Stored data
[Start of section]

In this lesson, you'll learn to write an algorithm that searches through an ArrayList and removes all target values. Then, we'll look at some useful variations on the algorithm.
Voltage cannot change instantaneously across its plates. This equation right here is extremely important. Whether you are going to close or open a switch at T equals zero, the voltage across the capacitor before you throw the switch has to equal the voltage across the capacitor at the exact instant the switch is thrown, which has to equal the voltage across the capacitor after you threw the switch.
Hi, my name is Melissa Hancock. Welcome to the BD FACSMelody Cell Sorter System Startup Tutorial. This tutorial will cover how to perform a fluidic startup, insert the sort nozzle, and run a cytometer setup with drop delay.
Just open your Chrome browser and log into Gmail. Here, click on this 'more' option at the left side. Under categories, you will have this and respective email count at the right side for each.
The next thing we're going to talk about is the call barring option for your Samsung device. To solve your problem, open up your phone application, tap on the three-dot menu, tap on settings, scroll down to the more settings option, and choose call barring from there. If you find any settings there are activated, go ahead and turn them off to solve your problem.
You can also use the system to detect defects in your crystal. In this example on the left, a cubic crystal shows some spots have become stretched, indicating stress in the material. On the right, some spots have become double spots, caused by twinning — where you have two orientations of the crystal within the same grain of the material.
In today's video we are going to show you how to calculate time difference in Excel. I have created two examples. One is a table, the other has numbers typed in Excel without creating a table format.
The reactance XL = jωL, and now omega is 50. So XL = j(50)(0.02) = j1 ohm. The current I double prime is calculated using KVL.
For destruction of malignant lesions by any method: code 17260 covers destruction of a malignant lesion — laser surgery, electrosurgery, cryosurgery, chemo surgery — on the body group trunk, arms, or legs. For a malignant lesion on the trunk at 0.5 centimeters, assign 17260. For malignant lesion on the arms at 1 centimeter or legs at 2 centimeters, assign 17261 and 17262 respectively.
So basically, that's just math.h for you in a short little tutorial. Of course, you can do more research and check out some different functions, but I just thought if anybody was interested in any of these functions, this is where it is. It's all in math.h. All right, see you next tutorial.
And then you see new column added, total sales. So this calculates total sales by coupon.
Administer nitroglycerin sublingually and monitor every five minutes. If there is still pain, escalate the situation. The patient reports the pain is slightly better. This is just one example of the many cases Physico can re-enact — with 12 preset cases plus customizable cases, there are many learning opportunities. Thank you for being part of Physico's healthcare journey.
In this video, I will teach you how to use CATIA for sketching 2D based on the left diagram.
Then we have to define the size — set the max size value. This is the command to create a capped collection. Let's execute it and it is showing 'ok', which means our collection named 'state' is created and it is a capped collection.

[End of section]

◆ What is required: Your reply should be a verbatim retyping of the lines from the one that holds "In this video, I" through the last line of the entries.

◆ Exercise response:
In this video, I will teach you how to use CATIA for sketching 2D based on the left diagram.
Then we have to define the size — set the max size value. This is the command to create a capped collection. Let's execute it and it is showing 'ok', which means our collection named 'state' is created and it is a capped collection.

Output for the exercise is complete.